All The Damn Lies

:::: Before you read the following post, please note that I do believe that murderers belong behind bars. I feel that anyone who can take the life of another person falls in the category of the vilest type of human being. I had a close friend of mine murdered and watched the heartbreak and pain of another friend deal with the murder and loss of her niece. I am well aware of the ripple effect that a murder has on family and friends of the victim. And I do believe that anyone who is capable of taking a life should be locked away from society. This is not about freedom or sympathy for murderers. It’s about understanding humanity as a whole and our willingness to get revenge–even when innocence and mental health are obvious. ::::

I recently finished watching “Confessions of a Killer” on Netflix. I knew nothing about Henry Lee Lucas. Which was nice. I was able to watch the documentary roll out as if I was a juror in a trial- remaining unbiased while taking in all the evidence.

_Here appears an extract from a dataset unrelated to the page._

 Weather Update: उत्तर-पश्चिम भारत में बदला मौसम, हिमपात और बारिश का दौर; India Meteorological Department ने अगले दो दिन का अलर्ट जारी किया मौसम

Initially, when hearing that Lucas had murdered his own mother and supposed girlfriend- I thought to myself that that was clear cut. After all, he confessed. But then when I started seeing the video clips, it became obvious that things were not what they seemed.

Lucas was not only mentally ill but, he was being manipulated by the authorities to confess to not one murder but somewhere near 600. The hardest bit, for me at least, was the fact that he was put on death row for a crime that he didn’t commit. And there were those who were more than happy to cheer on the fact that an innocent man was going to be killed for killing.

Why are humans so eager to watch people be executed? I think that’s for another post.

This post is about how quickly we are to assume one side of a story. I am not saying that this is true of all cases. It’s not.

Was Lucas guilty? Of course. He killed his mother.

According to the Equal Justice Initiative–  for every 9 nine people executed, 1 is innocent. I am not going to get into the death penalty debate in this post, but you can assume from this that I am strongly against capital punishment.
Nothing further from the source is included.